The arguments of interest are address, where you simply submit a string, and max_results, which restricts the number of geocoding attempts per address. The geocoder makes multiple guesses to the location of an address, and returns the best guesses in order. If you want multiple guesses to a specific address, then specify max_results to be more than 1.

Single Address

An example query for a single address is:

SELECT g.rating, ST_X(g.geomout) As lon, ST_Y(g.geomout) As lat,
    (addy).address As stno, (addy).streetname As street,
    (addy).streettypeabbrev As styp, (addy).location As city, (addy).stateabbrev As st,(addy).zip
    FROM geocode('75 State Street, Boston MA 02109', 1) As g;

rating -- This is an integer that determines the confidence in the resulting geocode. The closer to 0, the more confident the guess. ST_X(g.geomout) -- This retrieves the longitude coordinate of the point.
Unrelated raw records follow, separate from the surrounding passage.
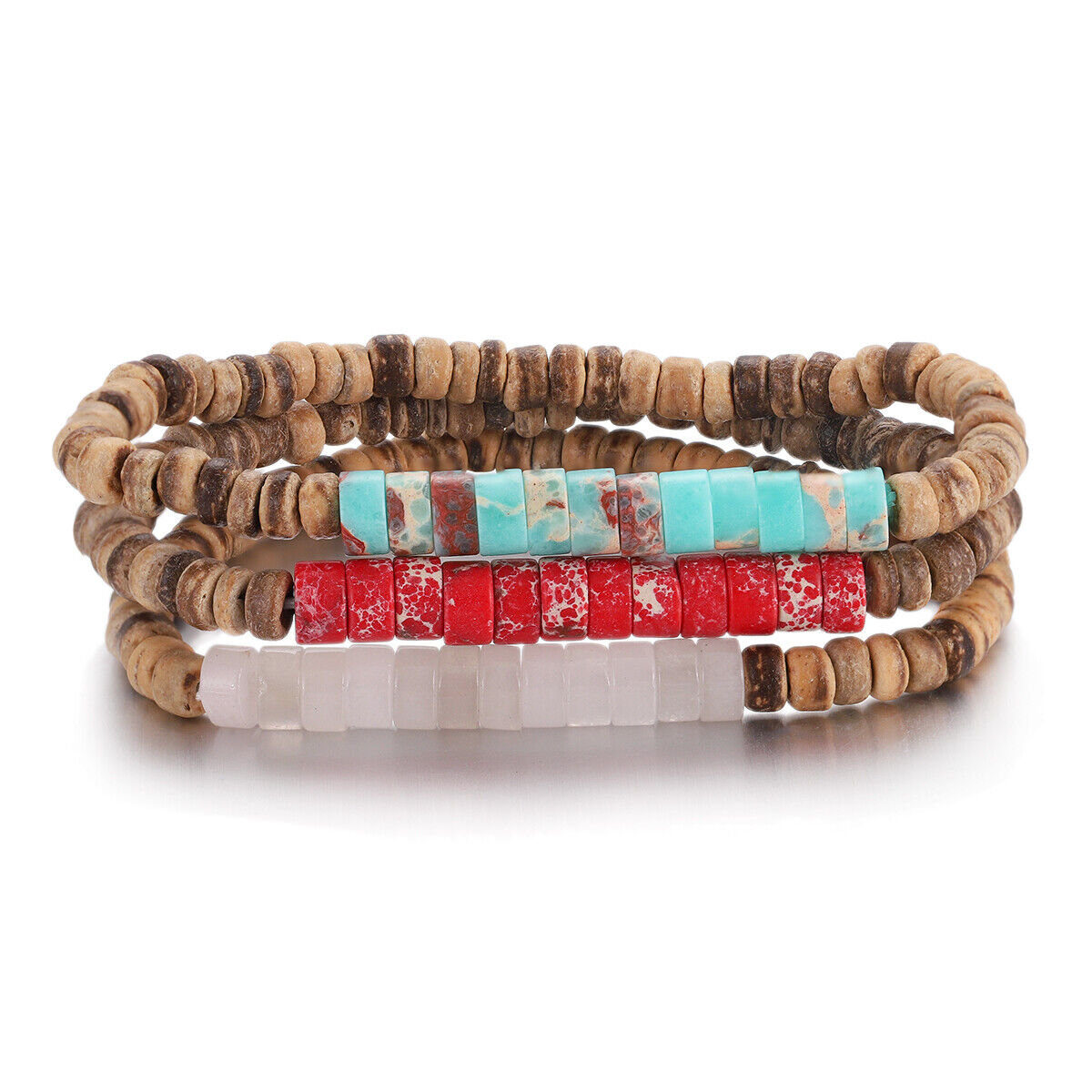 3Pcs Mens Surfer Bracelet Mens Beaded Bracelet Mens Stacking Coconut Bracelets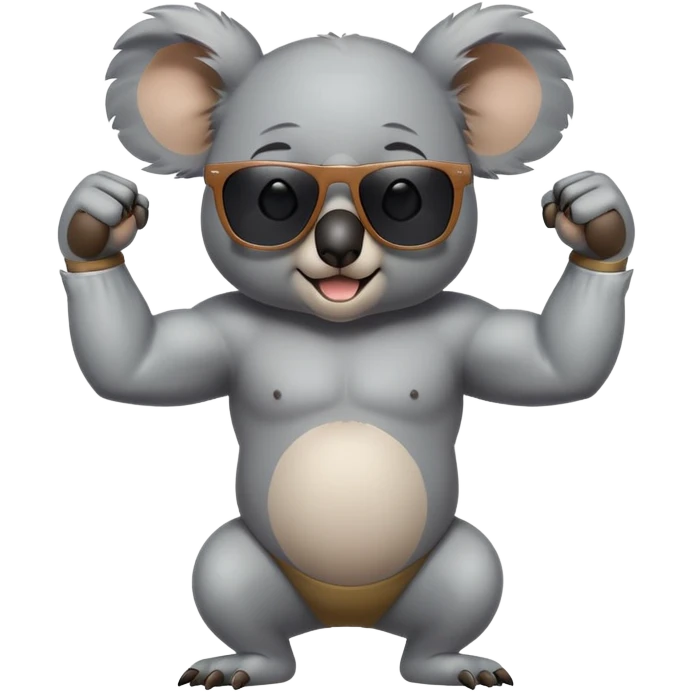 anthropomorphised koala in casual clothing, wearing dark sunglasses, flexing muscles, different pose emoji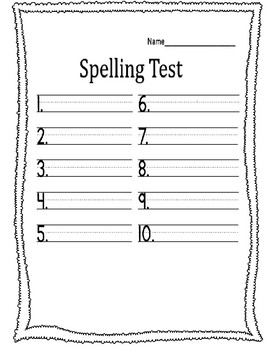 Spelling Test by It's a beautiful day to teach minds | TPT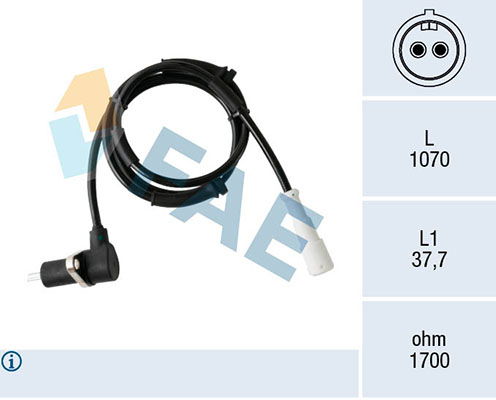 Sensor, Raddrehzahl Hinterachse rechts FAE 78388 von FAE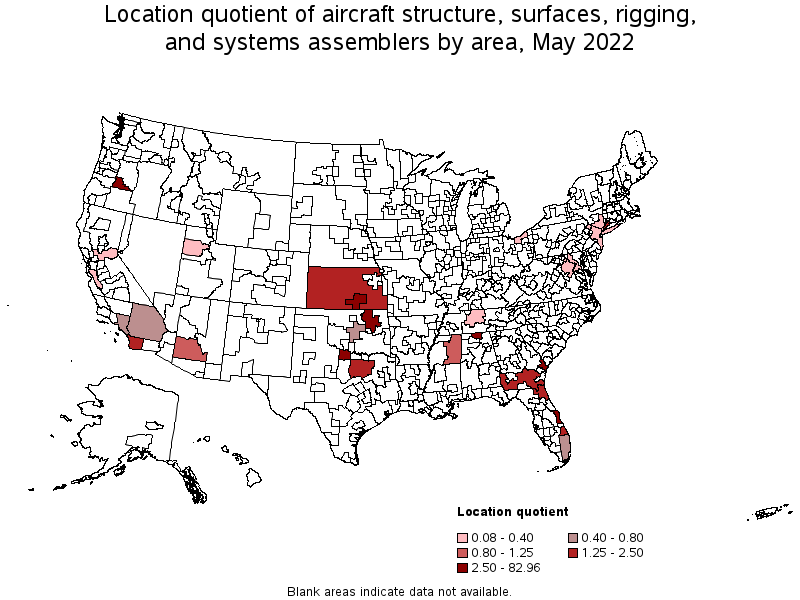 Map of location quotient of aircraft structure, surfaces, rigging, and systems assemblers by area, May 2022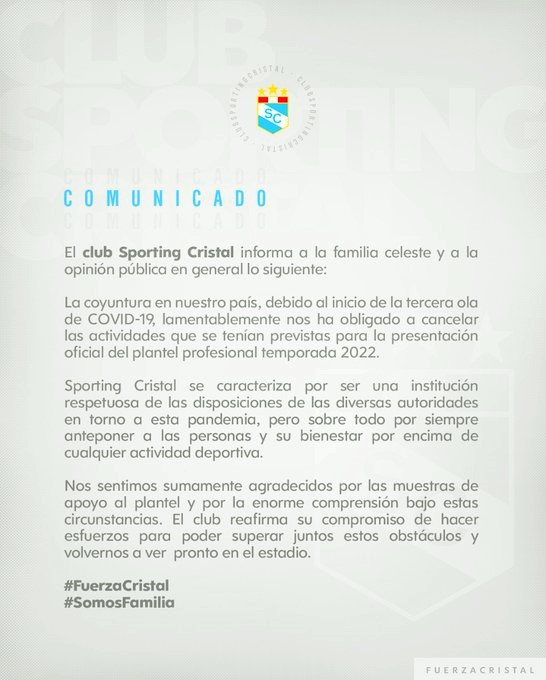 Club Sporting Cristal cancela presentación de plantel por Covid 19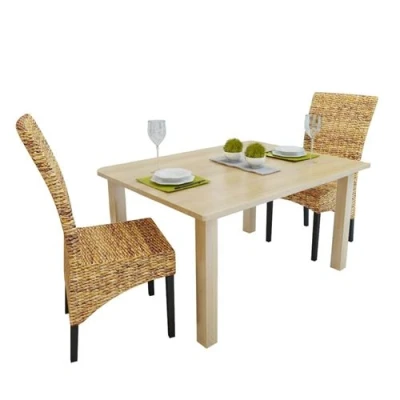 Afbeelding van vidaXL Eetkamerstoelen 2 st abaca en massief mangohout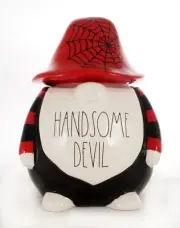 Rae Dunn Halloween Handsome Devil Gnome Ceramic Large Cookie Jar Canister - NEW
ST_Y(g.geomout) -- This retrieves the latitude corodinate of the point. addy -- In general, addy is a normalized address resulting from the input address. (addy).address -- The number of the address (Ex: "75" Blabla rd.) (addy).streetname -- The name of the street (Ex: 75 "Blabla" rd.) (addy).streettypeabbrev -- The abbreviation of the street (Ex: 75 blabla "rd") (addy).location -- The city location of the address. (addy).stateabbrev -- The state abbreviation. (addy).zip -- The zipcode of the address.

The output of the query above would be:

 rating |        lon        |      lat       | stno | street | styp |  city  | st |  zip
--------+-------------------+----------------+------+--------+------+--------+----+-------
      0 | -71.0557505845646 | 42.35897920691 |   75 | State  | St   | Boston | MA | 02109

Current Errors

Currently, we are getting a 403 Forbidden Error when trying to download state data. We are in contact with the US Census Bureau. Their contact information can be found here.
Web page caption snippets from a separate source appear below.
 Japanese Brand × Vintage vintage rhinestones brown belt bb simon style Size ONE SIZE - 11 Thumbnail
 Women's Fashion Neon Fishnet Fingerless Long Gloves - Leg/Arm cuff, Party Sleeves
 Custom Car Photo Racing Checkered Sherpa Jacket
The email exchanges are recorded below.



I am a student researcher at the McNair Center for Entrepreneurship and Innovation at Rice University, and I am in the process of installing a Postgres Extension that relies on the TIGER data.

When I began installing the extension, things were working fine. Now however, I am getting a 403 Forbidden error when the script tries to download the TIGER files. Do you have any idea why this might be happening?

The extension I'm trying to install is below:

http://postgis.net/docs/postgis_installation.html#install_tiger_geocoder_extension

When I run any of the scripts that require data from TIGER, I am receiving the following error:


--2017-11-06 14:15:29-- http://www2.census.gov/geo/tiger/TIGER2016/FEATNAMES/tl_2016_06065_featnames.zip Resolving www2.census.gov (www2.census.gov)... 104.84.241.90, 2600:1404:a:382::208c, 2600:1404:a:39c::208c Connecting to www2.census.gov (www2.census.gov)|104.84.241.90|:80... connected. HTTP request sent, awaiting response... 403 Forbidden 2017-11-06 14:15:29 ERROR 403: Forbidden.



Thank you for reaching out to us. The postgis docs is not from the Geography Division, so I cannot comment on that. A couple things that come to mind.

We just released our new 2017 Shapefiles, so it's possible the scripts may be written for a previous version of our Shapefiles. You may need to clean out your cookies, restart your browser, and then attempt to reinstall. Were you able to download our Shapefiles successfully?


The Shapefiles are part of the files being blocked by the 403 Forbidden error.

The script is using a wget protocol to bulk download the data, so there were no cookies involved. Also, the download had been working in previous days; it was only recently that the same scripts stopped working. I am worried that our IP address somehow ended up on a blacklist for the TIGER data. Is there a blacklist for addresses that access the TIGER data?

Our IP address is 128.42.44.181.


I have forwarded your question on to our IT folks. Since I work on the subject matter side, I am unable to answer your questions. Once I hear back from them, I will forward their response to you. Hopefully they will provide to you what you need in order to download our Shapefiles. My apologies for your inconvenience.